- _Aim of the task_
Write out all of the entries that follow, word for word, but skip the pictures.
+---+
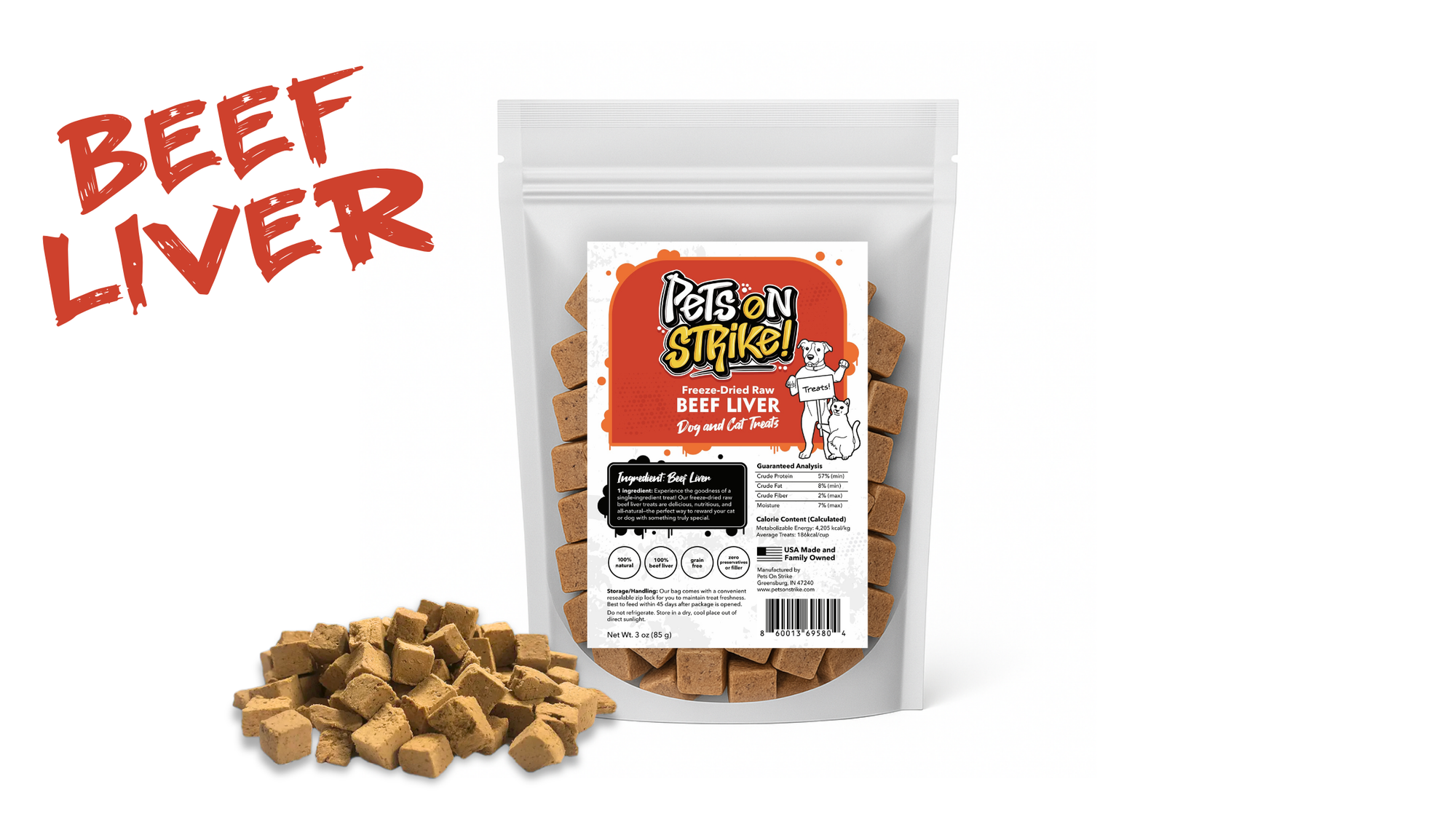 Freeze Dried Raw Beef Liver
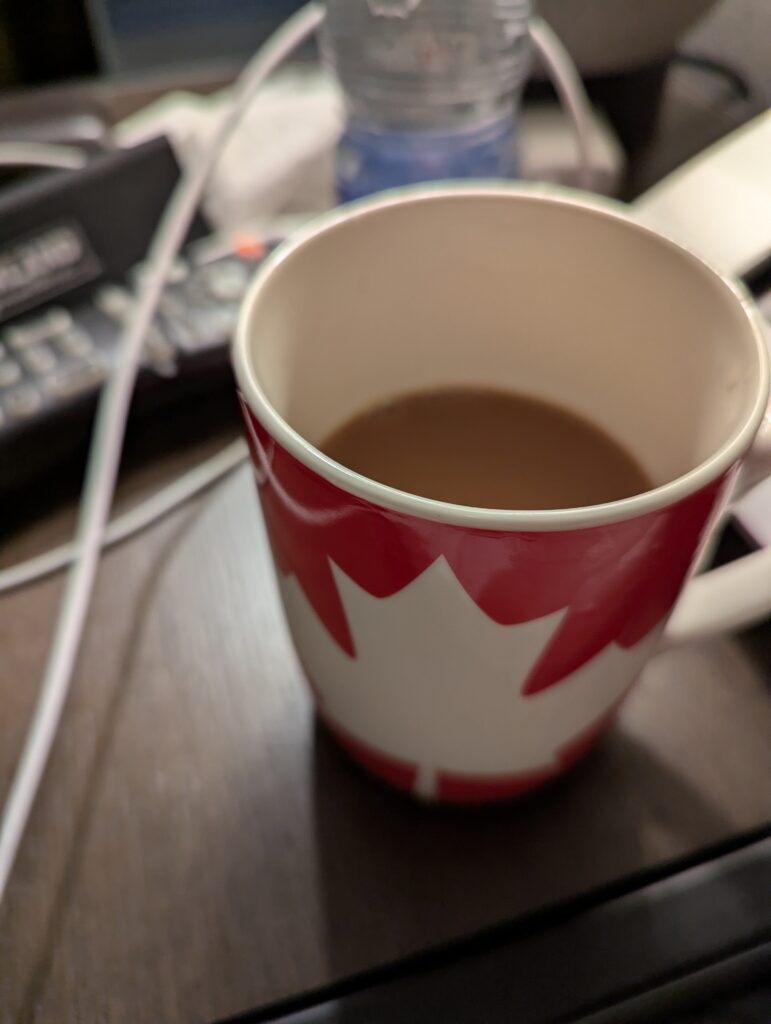 Canadian maple leaf mug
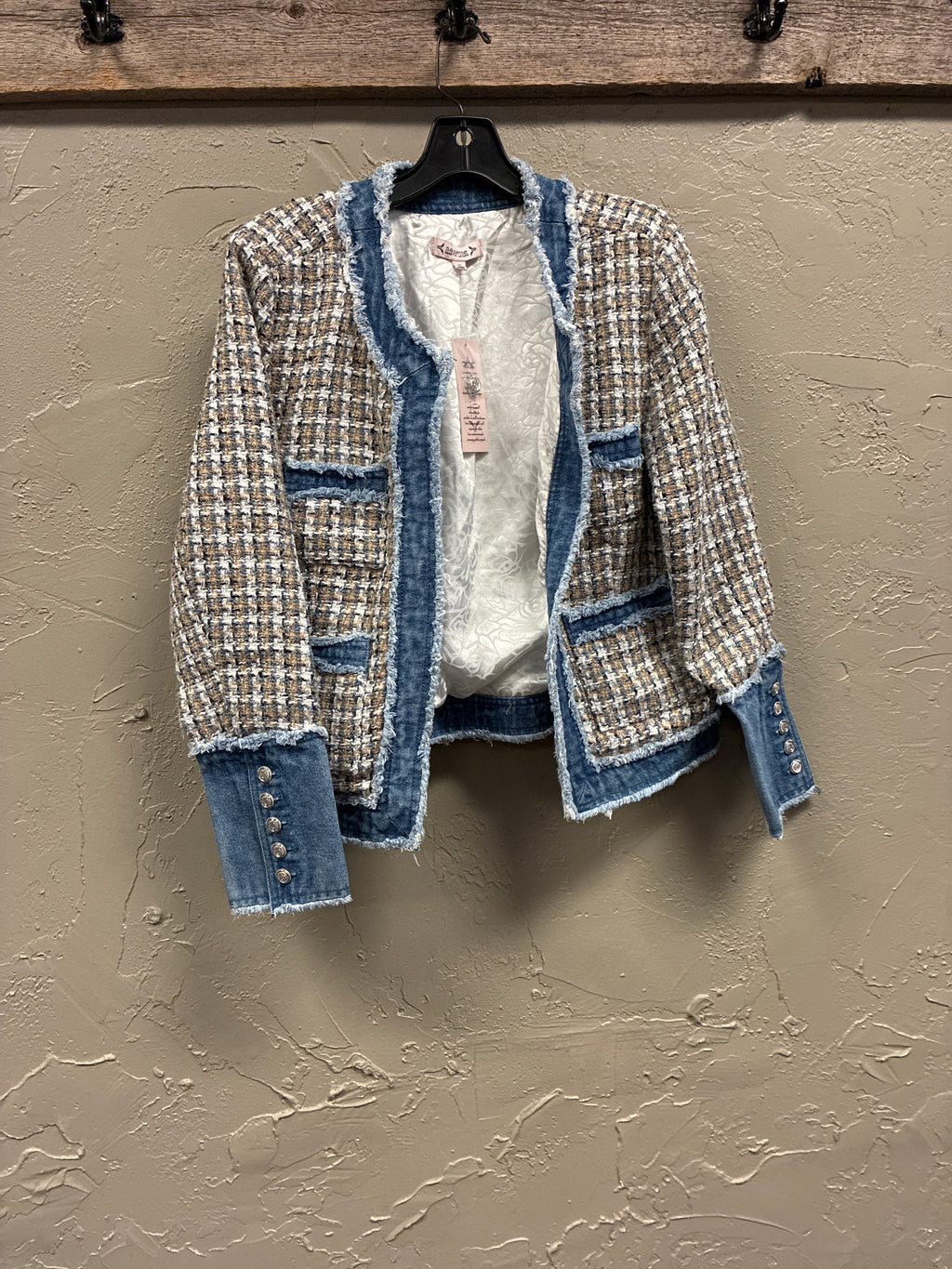 NWT Nanette Lepore Tweed Blazer (org$148)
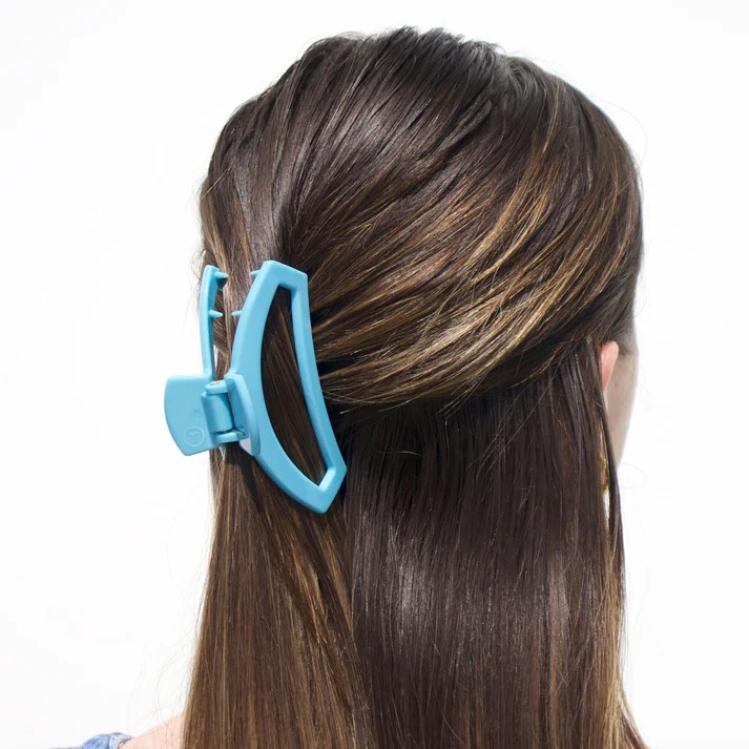 Teleties Open Hair Clip Summer Sky medium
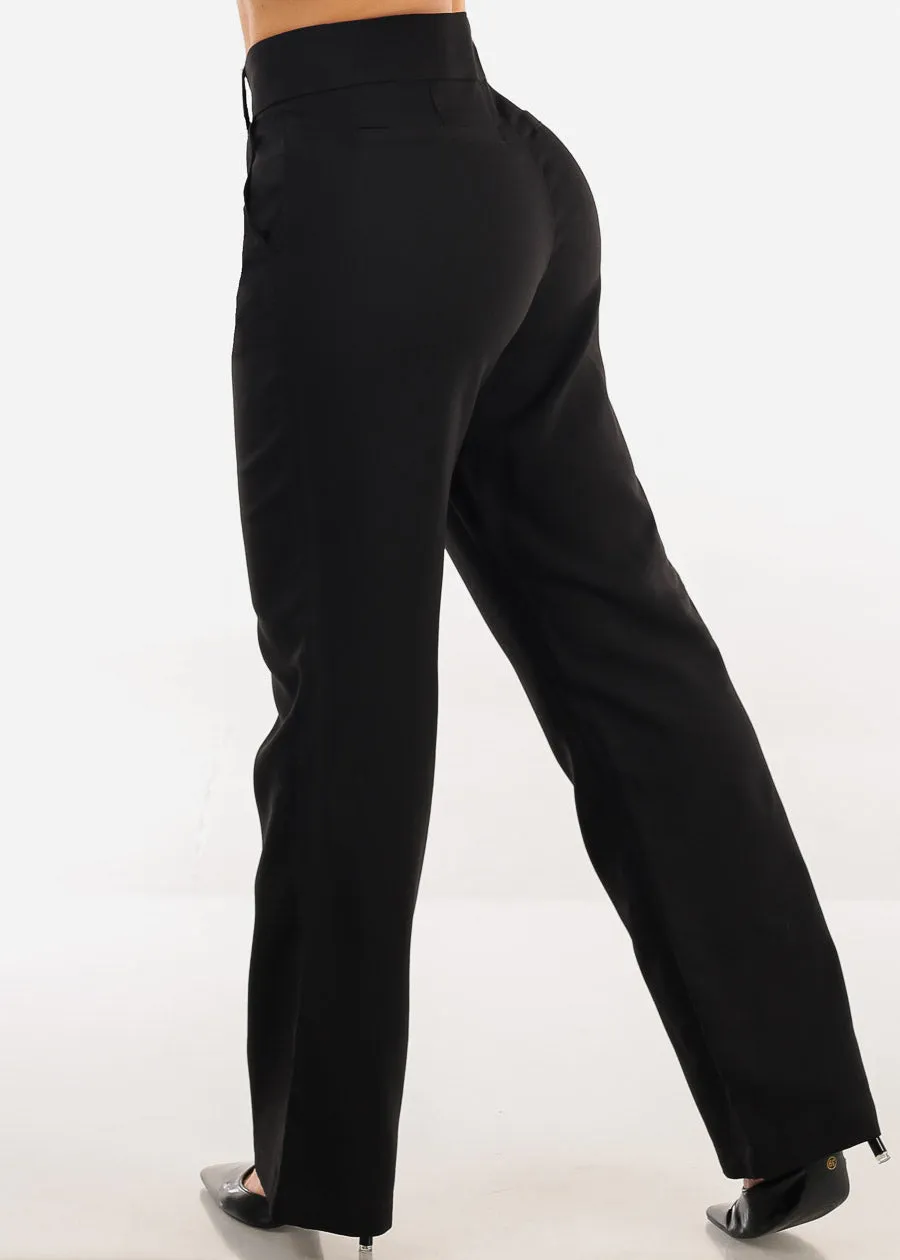 Butt Lift Super High Waisted Bootcut Dress Pants Black sold by Moda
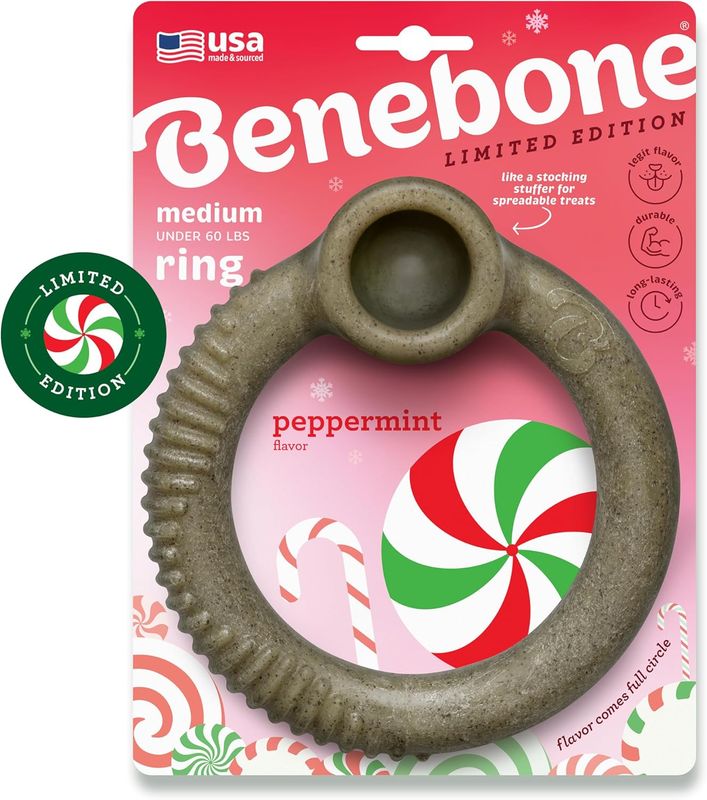 Benebone Ring Chew: Peppermint Medium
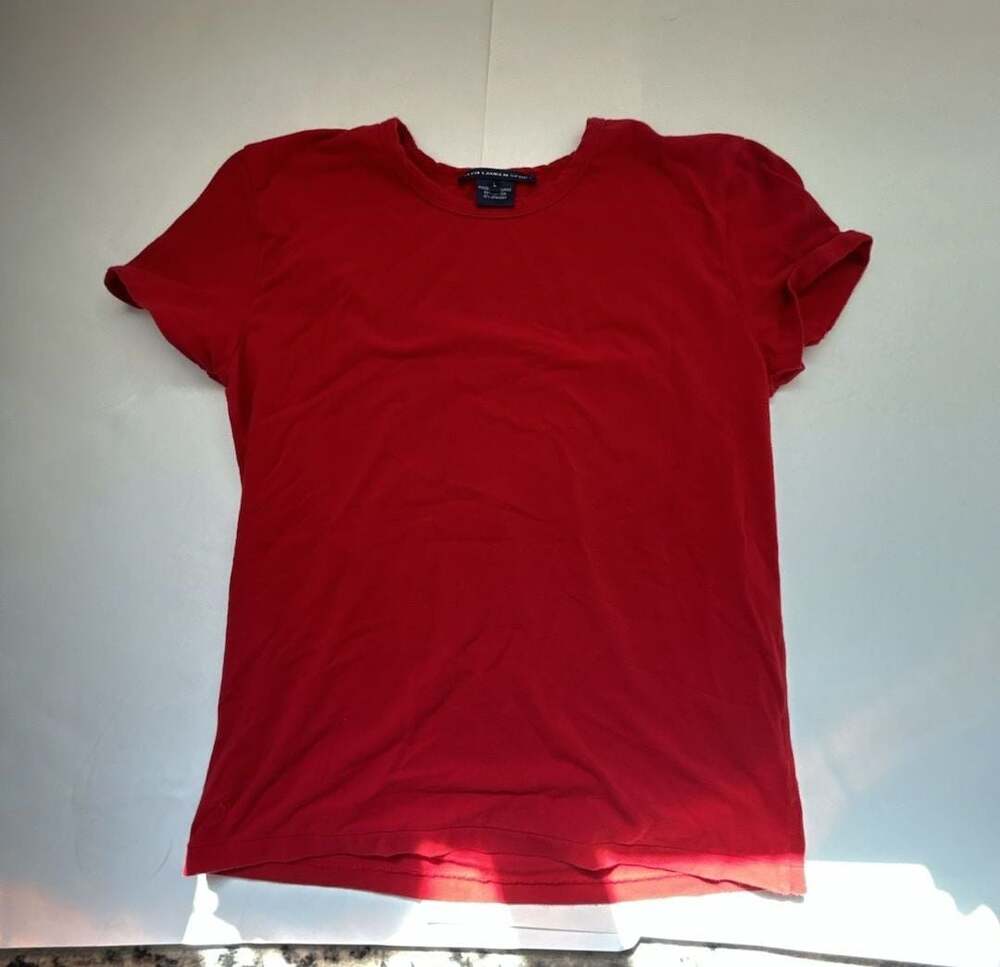 Ralph Lauren Sport T-Shirt Size L Red Cotton Spandex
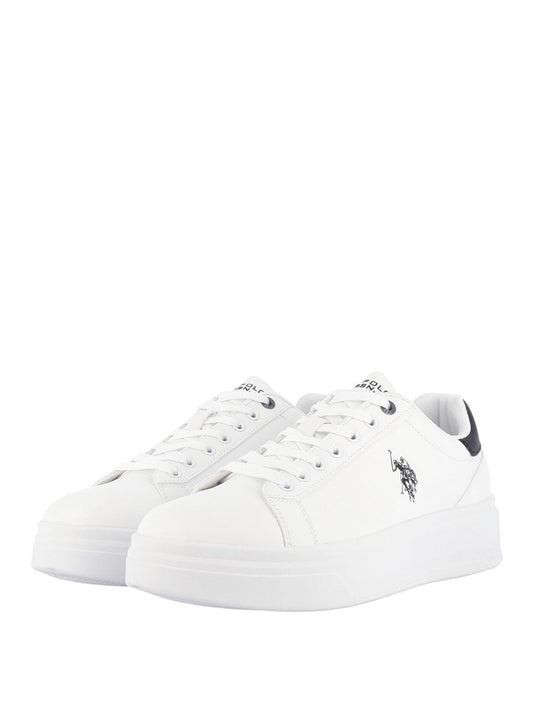 U.S.POLO CALZATURE STC U.S. Polo Sneakers Polor001 Bianco Nero Bianco/nero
+---+
- _Answer section_
 Freeze Dried Raw Beef Liver
 Canadian maple leaf mug
 NWT Nanette Lepore Tweed Blazer (org$148)
 Teleties Open Hair Clip Summer Sky medium
 Butt Lift Super High Waisted Bootcut Dress Pants Black sold by Moda
 Benebone Ring Chew: Peppermint Medium
 Ralph Lauren Sport T-Shirt Size L Red Cotton Spandex
 U.S.POLO CALZATURE STC U.S. Polo Sneakers Polor001 Bianco Nero Bianco/nero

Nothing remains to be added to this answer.